What you will do: In the entries below, find the line with "I want to look" and the line with "Hello everybody, from". Repeat exactly everything between them, those two lines included, but not the pictures.

Data for this task:

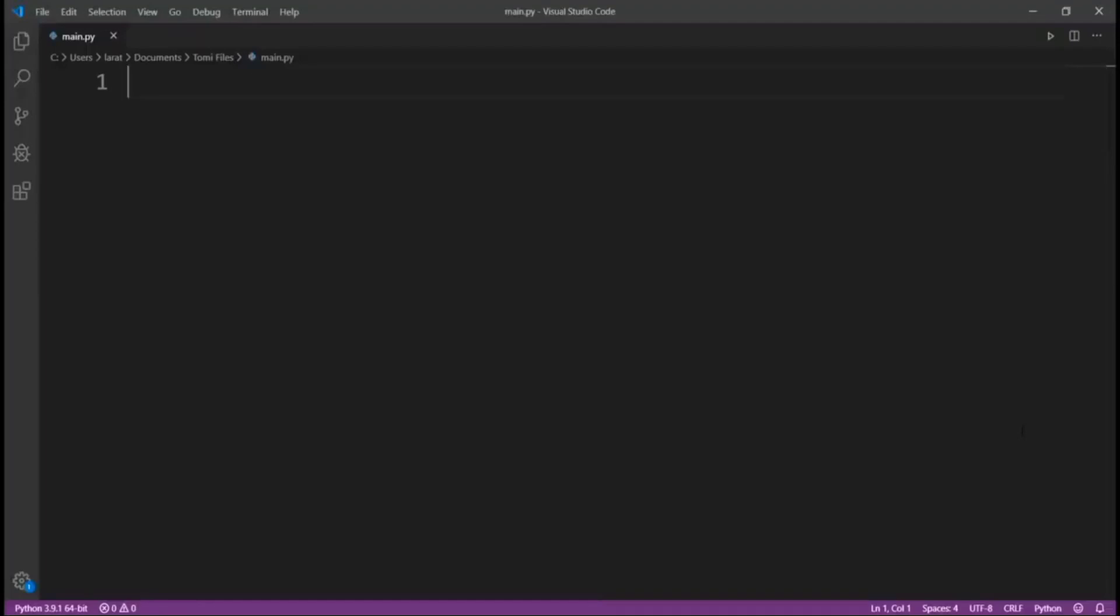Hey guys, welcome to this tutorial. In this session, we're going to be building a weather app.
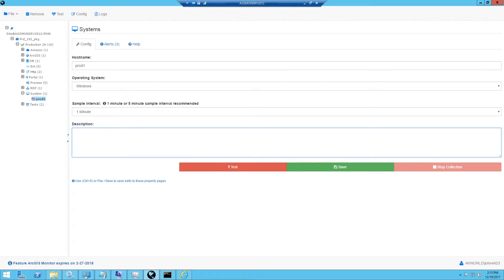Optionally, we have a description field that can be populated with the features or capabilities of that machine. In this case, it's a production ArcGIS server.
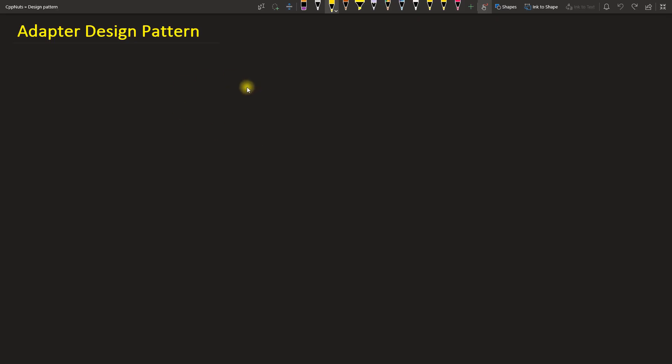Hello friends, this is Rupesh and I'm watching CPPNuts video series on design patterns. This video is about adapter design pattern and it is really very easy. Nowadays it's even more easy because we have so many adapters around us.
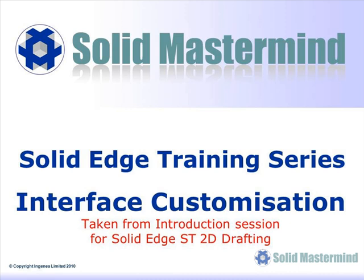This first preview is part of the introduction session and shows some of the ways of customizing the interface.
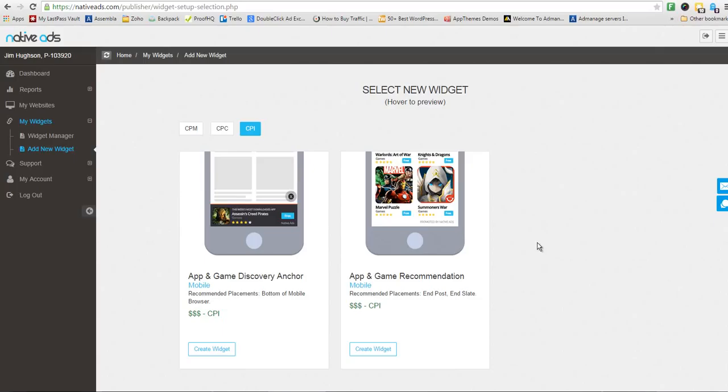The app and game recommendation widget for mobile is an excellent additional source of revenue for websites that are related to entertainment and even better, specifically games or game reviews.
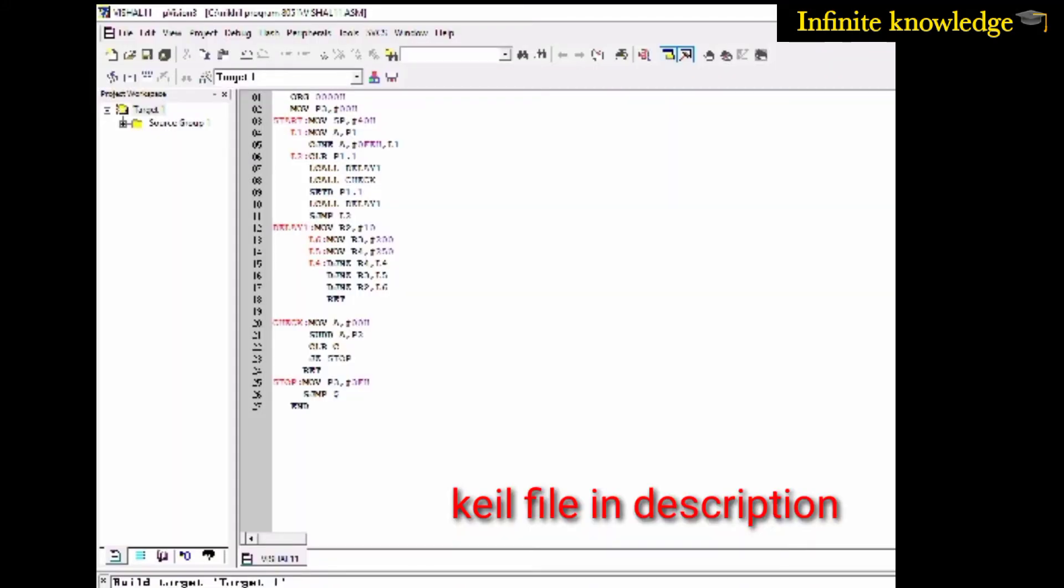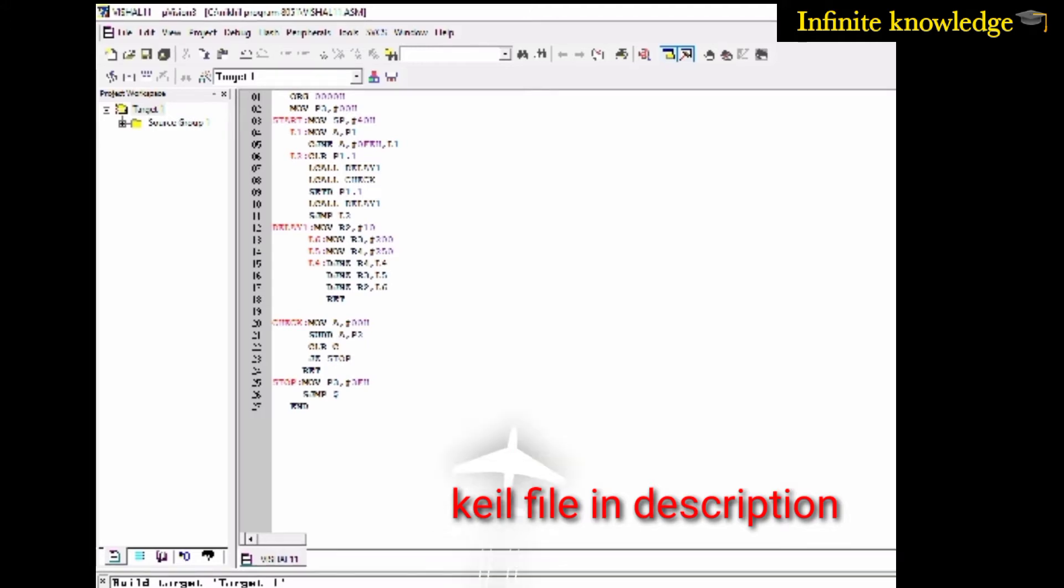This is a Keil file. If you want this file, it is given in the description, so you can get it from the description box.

* * *

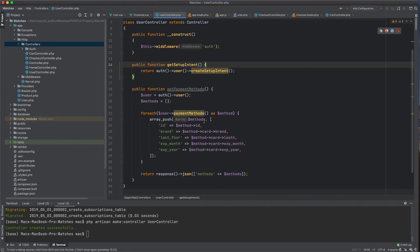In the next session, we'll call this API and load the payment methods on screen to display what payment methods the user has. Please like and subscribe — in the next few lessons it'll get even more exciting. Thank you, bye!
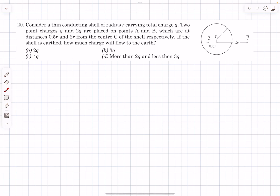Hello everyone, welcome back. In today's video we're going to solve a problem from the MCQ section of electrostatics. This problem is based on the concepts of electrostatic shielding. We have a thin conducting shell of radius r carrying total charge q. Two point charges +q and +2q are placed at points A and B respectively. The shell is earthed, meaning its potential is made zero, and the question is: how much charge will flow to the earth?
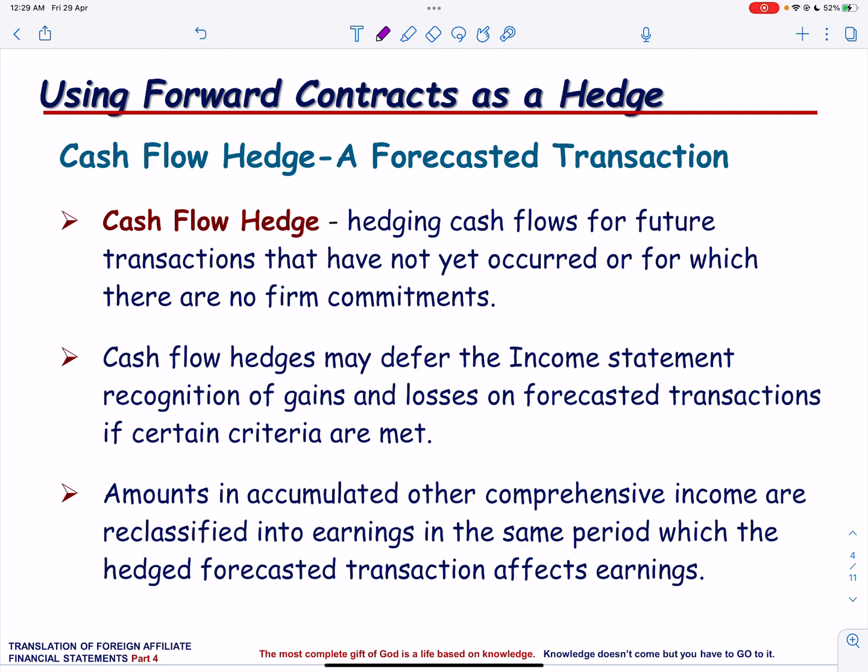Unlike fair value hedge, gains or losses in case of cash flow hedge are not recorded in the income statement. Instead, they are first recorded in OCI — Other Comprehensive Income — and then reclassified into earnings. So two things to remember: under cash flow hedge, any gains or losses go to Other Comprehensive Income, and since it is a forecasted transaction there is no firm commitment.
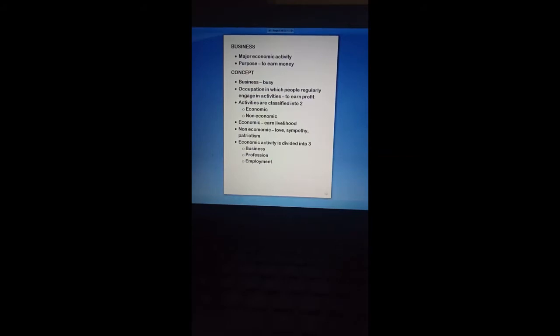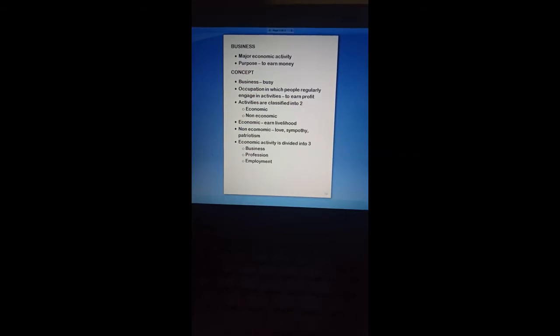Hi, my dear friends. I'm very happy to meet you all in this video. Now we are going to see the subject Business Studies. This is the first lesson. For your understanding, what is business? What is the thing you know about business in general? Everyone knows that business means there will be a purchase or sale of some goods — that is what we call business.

==

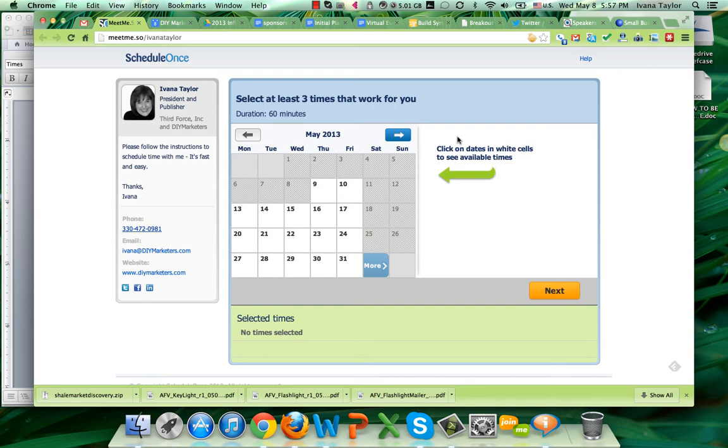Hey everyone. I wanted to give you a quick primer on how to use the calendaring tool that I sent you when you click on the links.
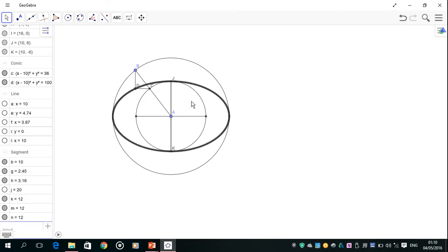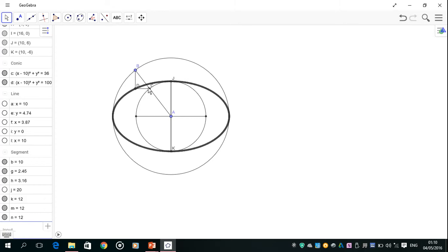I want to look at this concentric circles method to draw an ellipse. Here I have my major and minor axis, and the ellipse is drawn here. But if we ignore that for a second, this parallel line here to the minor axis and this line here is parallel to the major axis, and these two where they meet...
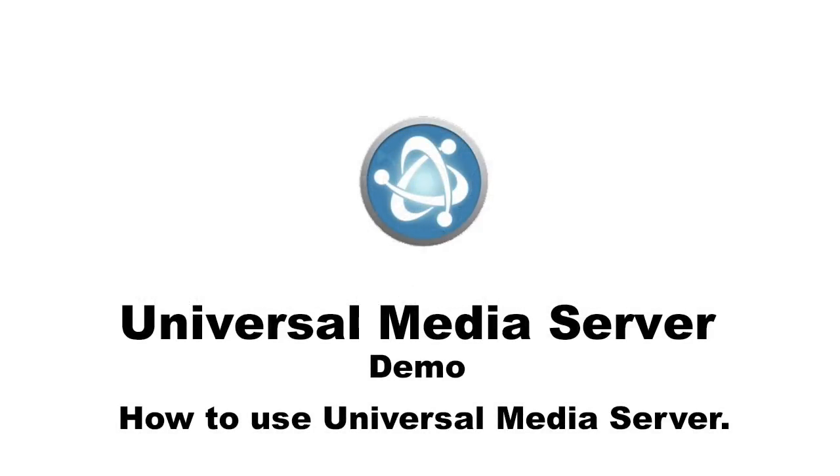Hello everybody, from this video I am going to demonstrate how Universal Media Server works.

Task solution:
I want to look at this concentric circles method to draw an ellipse. Here I have my major and minor axis, and the ellipse is drawn here. But if we ignore that for a second, this parallel line here to the minor axis and this line here is parallel to the major axis, and these two where they meet...
Hello everybody, from this video I am going to demonstrate how Universal Media Server works.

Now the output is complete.